Josh:                 My pleasure. Tell me, what is it that you actually do? How do you go about doing it?

Steve:               Sure. Yeah, that’s a question that comes up. Turner Time Management, what’s that all about? Well, the reason my company exists is because people in the business world – many business professionals don’t have enough time in their day. While it is actually accurate we can’t create more time, we could certainly be more efficient with the time we have.

And so, kind of the best way to explain what I do is to explain why the company exists. It exists because back in 2003 I was vice president for a company called Clover Technologies Group which actually started in a gentleman’s garage back in the mid-90s. It’s a very large global corporation now. The man that’s leading that, Jim Cerkleski, had me in charge of sales and marketing. I was working with one of our customers on the phone and he said, “Hey, Steve. Did you get my email?” I don’t know if anybody’s ever asked you that question but—

Josh:                 I’ve never been asked that question.

Steve:               –but my response was probably what many people have given, “I think so. Yeah, I think I got it.” And he said, “Well, I sent you two emails on Friday, Steve. It’s Tuesday morning and you haven’t responded to either one.” To which, I responded, “Well, I’ve been out of the office traveling on business.” This man actually said to me, a man named Marx Acosta Rubio, he said, “Steve, so what?” And I said, “So what?” He said, “Yeah, I said so what, Steve? I didn’t hire you or your company to find out you don’t have control of your technology.” That really kind of took me aback. I was really mortified. He goes, “How many emails do you have in your inbox, Steve?” I was afraid to tell him. He said, “Please, you’ve got to tell me. I want to know.” At the time I had 350 and I said, “350.” By the way, Josh, we’ve worked with clients that have way more than 350 in their inbox.
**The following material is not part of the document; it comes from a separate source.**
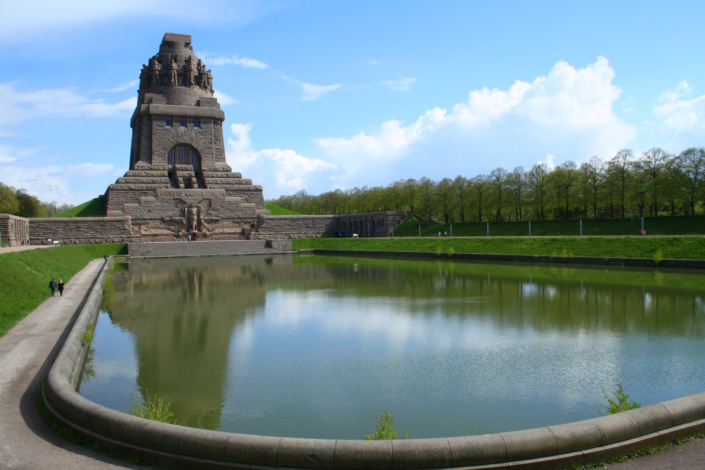 Völkerschlachtdenkmal mit vorgelagertem Teich, blauer Himmel und Wolken.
Josh:                 Yeah, so have I.

Steve:               I have one guy that has 60,000 in his inbox. That pales I comparison to some customer–

Josh:                 60.

Steve:               60— I didn’t know you could have that many in your inbox, Josh. Anyway, there’s actually somebody else over a hundred thousand.
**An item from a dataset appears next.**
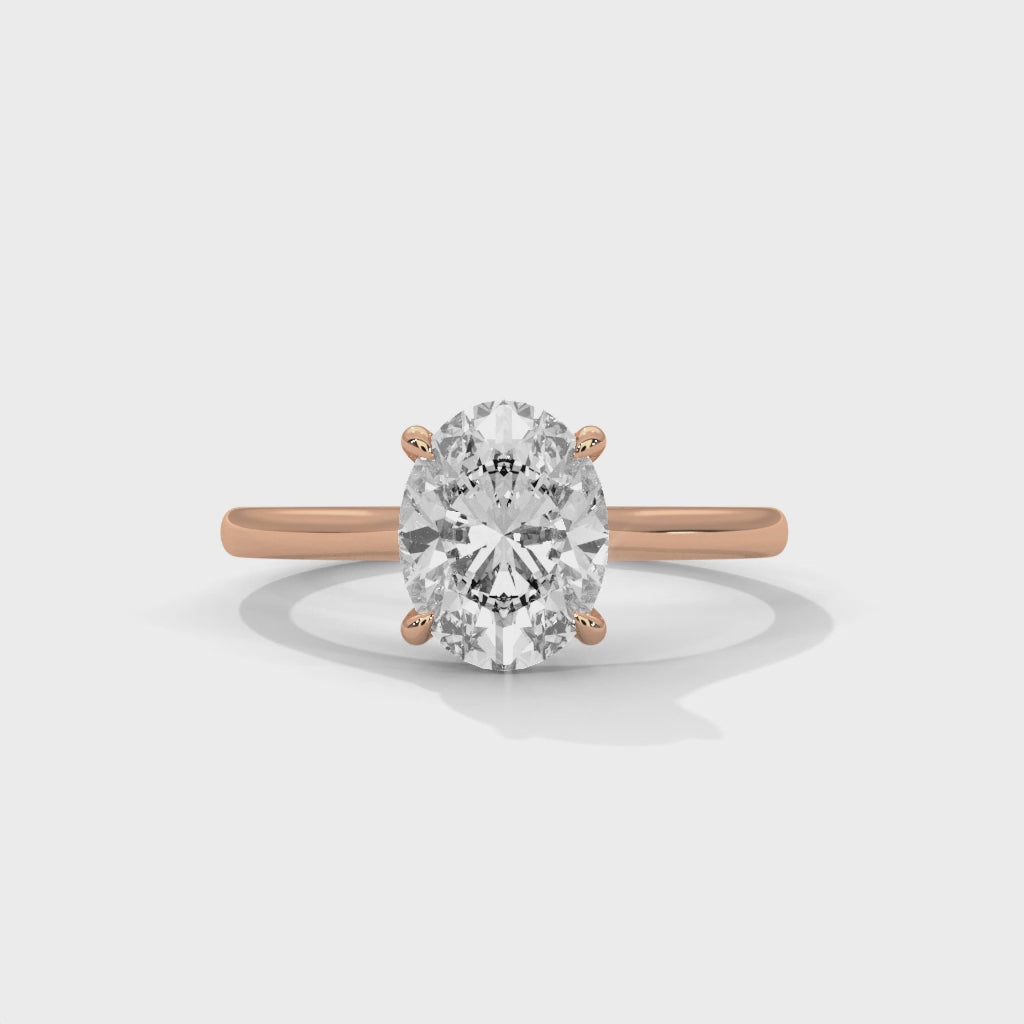 Rose gold ring with a large diamond on a white background #rose-gold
Anyway, the point is that I was not efficiently managing my technology. Then he sent me a tape series by a gentleman named David Allen who does something really good. It reminds me a lot of Franklin Covey in the time management world. It’s called Getting Things Done. He has some great tips and some things that I really wanted to embrace.

For me, the problem was responding to the email, following up on email, and really managing my time from a daily perspective. I wasn’t as concerned about sharpening the saw or those types of things that a lot of systems talk about. I was concerned about how do I get through the day.

And so, the customer made the investment, sending me the tape series. I listened to it every day on the way to work. It was actually a CD series. What it didn’t help me do is get through email or dealing with technology more effectively, right? That was my challenge.

Josh:                 Let’s talk about that a little bit. By the way, I’m also a huge fan of Getting Things Done. I’ve been using that strategy for years and years in my own business. I actually make all my clients use it because one of problems I see that almost every business owner has is they do a terrible job of managing their personal time.

Steve:               Right.

Josh:                 What would you recommend people do to manage their inbox because that’s a huge deal?

Steve:               Oh yeah, it’s a huge deal. I was the classic case in point who didn’t. The thing to start with is that email is a necessary part of our business just as texting is becoming, Josh. Social media, even, is becoming an integral part of people’s business. If you don’t respond on all those channels, you’re in trouble.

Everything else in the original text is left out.